The race for president has stopped being about John McCain and has become about his pick for vice president, Sarah Palin. It has become Obama versus Ohh-Momma.
Unlike Barack Obama, McCain is man enough to pick a strong woman and not let his ego be bruised by the attention that she may get. By Obama not having the guts to pick Hillary, he will fall prey to the hubris that has cost us men dearly since the beginning of time.
McCain is, by most accounts, no longer physically an attractive man. I am not saying he is ugly, but sex sells in America. Well, it technically cannot sell. That is prostitution, and the government does not allow that because it cannot tax such an all-cash business. But sex can be given away. And the appeal that Sarah Palin has is nothing short of astounding. You have to say, given that he has already pulled off the Southern guy's trifecta by marrying his wife (pretty, rich and her dad owned a Budweiser distributorship), McCain can pick his women.
Like another famous Republican governor and ex-sportscaster, Sarah Palin has taken the nation by storm. She has been described as "Ronald Reagan in a dress," exciting the GOP base.
Although I disagree with her on religion and abortion, I find Palin a more palatable candidate than Obama, Biden or McCain. Unlike ideological zombies on the left and the right, there is something small-town and commonsensical about Sarah Palin. The more the big-city liberal elites attack her, the more the country circles its wagons to protect her. She appeals to all of us who live or grew up in a small town and who were excited when the Wal-Mart opened there.
Those of us who grew up in towns that barely had a zoo are tired of being looked down upon by big-city elites. We had a zoo in my hometown, but it was really just the guy who had the most animals in his yard. But we took pride in little victories, and we will also take pride in Sarah Palin, faults and all.
Daughters in our country do not learn what it takes to be a strong woman from angry liberal elites from Wellesley or Yale. They do not abandon their hometowns and families for the selfish professional world of big cities like New York or Boston. Women today learn to be strong from women who are really out there in the world like Sarah Palin. Who, like her, work in their hometown for a cause such as the PTA or CASA.
And who, with no family connections and based only on a desire to make her town better, runs for mayor of, as the liberals remind us daily, "the tiny town of 9,000 people." Yet she got more votes than Joe Biden did in his run for president in Wasilla, Alaska, and a 70 percent approval rating as governor -- the highest in the country. Compare that to the 18 percent approval rating of Nancy Pelosi or our Congress.

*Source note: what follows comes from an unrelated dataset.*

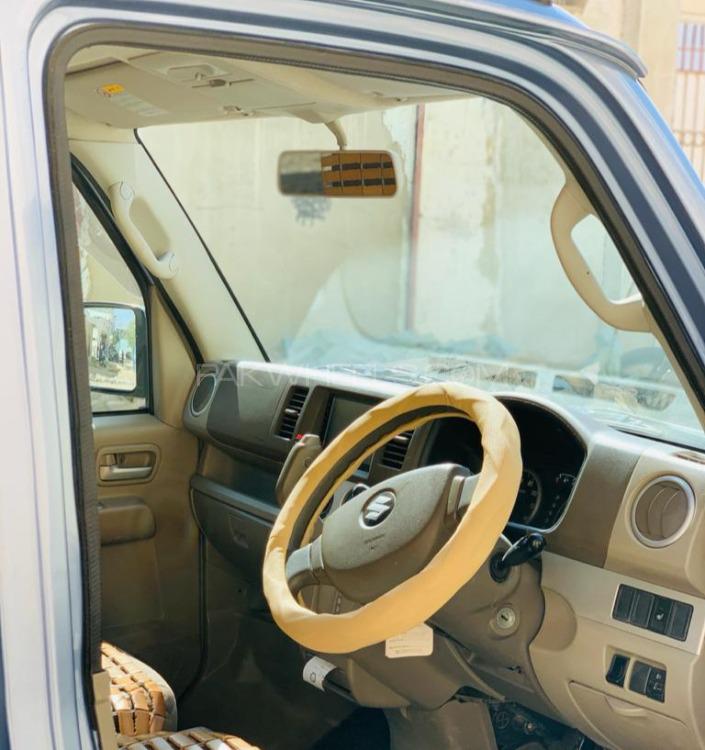 Suzuki Every Wagon 2012 for Sale in Karachi Suzuki Every Wagon 2012 for Sale in Karachi Image-3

Come November, Barack Obama, who overlooked the strength that a woman brings to any situation, might well fumble the best chance a Democrat has ever had to become president.
Obama is a well-mannered and articulate man. He is also a finely tailored empty suit that the media has to helped model for us dummies in America who just do not get their socialist vision of "change."
Sarah Palin represents women whom we actually know and respect. She is our wife. She is our mother. She is what many of us hope our daughters will become. Few parents really want their daughter to become an angry Gloria Alred or Steinem, always seeing the glass ceiling in every setback.
I submit that a large majority of us, ridiculed by the leftist media, would like our daughters to become like Sarah Palin. And in that lies her profound appeal.